A Leymah Gbowee è stato dedicato il film Pray the Devil Back to Hell (2008, vincitore del Tribeca Film Festival).

In Israele è attivo dal 2014 un analogo movimento nato per mettere fine agli oltre70 anni di guerra tra israeliani e palestinesi. Erano 40 persone, nel 2014, e in soli quattro anni è passato a circa 45.000 iscritti, per la maggioranza donne,
Women Wage Peace (“Donne per la pace”, “Nashim osot shalom” in ebraico) è il nome del movimento, sorto per dare nuovo impulso alle trattative di pace che nel 2014 si erano arenate in un’impasse senza soluzioni. “Spiaggiate”, come cetacei sull’acqua bassa di un mare immoto, mentre era in corso l’operazione militare “Tzuk Eitan” (Operazione Margine di Protezione, 8/7 – 26/8 2014), attuata per fermare il lancio di missili a opera di Hamas dalla Striscia di Gaza sul territorio di Israele che, in quei giorni, aveva visto arrivare più di 3000 razzi. Occorre aspettare il 2016 perché il Movimento inizi a smuovere la sonnacchiosa “comunità” occidentale e, purtroppo, vi riesce solo in minima parte.
Prende allora corpo l’idea di utilizzare i social media per lanciare il messaggio di pace, in un modo nuovo e più coinvolgente: un video sulla marcia delle donne. Una marcia straordinaria di migliaia di donne di ogni fede: musulmane, ebree e cristiane, che sfilano cantando “Prayer of the Mothers”.
L’evento, veicolato attraverso Youtube, è stato definito un piccolo miracolo, ma è stato quasi ignorato dai principali media, giornali e televisioni.

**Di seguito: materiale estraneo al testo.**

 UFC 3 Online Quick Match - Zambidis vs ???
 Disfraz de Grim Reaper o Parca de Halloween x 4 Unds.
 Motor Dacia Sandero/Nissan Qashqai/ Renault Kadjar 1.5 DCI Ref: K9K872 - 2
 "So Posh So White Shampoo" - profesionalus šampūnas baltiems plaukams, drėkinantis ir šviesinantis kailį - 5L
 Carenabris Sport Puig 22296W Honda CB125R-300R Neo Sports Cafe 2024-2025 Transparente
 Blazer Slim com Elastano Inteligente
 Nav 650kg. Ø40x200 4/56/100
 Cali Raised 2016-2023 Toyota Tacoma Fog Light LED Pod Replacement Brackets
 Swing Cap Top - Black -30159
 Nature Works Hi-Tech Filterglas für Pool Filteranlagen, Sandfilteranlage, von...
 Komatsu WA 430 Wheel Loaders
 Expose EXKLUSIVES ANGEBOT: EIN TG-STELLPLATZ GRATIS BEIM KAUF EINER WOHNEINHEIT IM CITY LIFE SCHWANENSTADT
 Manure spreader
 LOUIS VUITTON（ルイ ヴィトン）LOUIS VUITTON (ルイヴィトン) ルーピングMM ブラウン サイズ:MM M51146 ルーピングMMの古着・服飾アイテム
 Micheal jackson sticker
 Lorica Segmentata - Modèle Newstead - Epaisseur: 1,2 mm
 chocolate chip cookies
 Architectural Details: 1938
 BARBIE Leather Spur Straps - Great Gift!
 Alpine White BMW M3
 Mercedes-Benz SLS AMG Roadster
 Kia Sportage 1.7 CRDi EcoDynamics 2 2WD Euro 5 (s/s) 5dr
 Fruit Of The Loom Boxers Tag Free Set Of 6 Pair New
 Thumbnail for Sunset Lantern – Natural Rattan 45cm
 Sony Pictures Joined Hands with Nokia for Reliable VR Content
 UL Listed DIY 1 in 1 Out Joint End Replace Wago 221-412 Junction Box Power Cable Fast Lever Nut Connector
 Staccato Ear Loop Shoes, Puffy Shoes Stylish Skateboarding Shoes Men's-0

(Clicca sul rettangolo a destra della scritta YouTube pe la visione a schermo intero)
Nel video la cantante israeliana Yael Deckelbaum canta la Preghiera delle madri insieme a circa 4mila donne e madri di tutte le religioni, senza distinzione di fedi politiche, ritrovatesi nel deserto, unite dal desiderio di costruire una convivenza possibile. Le parole della canzone, tradotta dall’ebraico, dicono:
“Ascoltiamo il vento che viene dal mare
e sediamoci insieme,
spazziamo via i muri della paura e degli esili.
Apriamo le porte,
giù i muri della paura
dal nord al sud
dall’ovest all’est.
Questo è l’inno alla pace delle Madri:
a loro date la pace.”
La marcia e le riprese del video si sono svolte nel deserto a nord del Mar Morto, con meta Gerusalemme, ispirandosi al cammino che portò gli israeliti dall’Egitto alla Terra Promessa per liberarsi dal giogo egiziano (nel racconto biblico del Libro dell’Esodo), evento, peraltro, non ancora confermato dalle ricerche storiche e archeologiche.
Il modello seguito è quello di altre donne che hanno contribuito a riappacificare i loro territori in paesi come la Liberia, la Colombia, il Guatemala, le Filippine.

Israele e Mar Morto

Un’altra marcia per la pace, di circa 200 chilometri, fu organizzata in Israele dal 29 settembre al 9 ottobre 2017 e coinvolse circa 30mila persone convergenti dai quattro punti cardinali sempre su Gerusalemme.
Il 20 settembre 2018 la marcia verso Gerusalemme è stata ripetuta al ritmo di balli e canti, fra cui un’inedita versione in ebraico e in arabo, di We shall overcome, la più celebre canzone per i diritti civili, portata al successo mondiale negli anni ’60 da Joan Baez.
Qui la traduzione in italiano:
(Clicca sul rettangolo a destra della scritta YouTube pe la visione a schermo intero)
Il Movimento continua a mantenere alta la pressione sul governo israeliano con incontri, discussioni, presidi davanti alla Knesset (il Parlamento di Gerusalemme) e altre iniziative importanti come il Congresso nazionale tenuto all’Università di Tel Aviv il 27 novembre 2018.
Riusciranno nel loro intento? Lo speriamo, consapevoli che i grandi sogni talvolta portano a grandi risultati.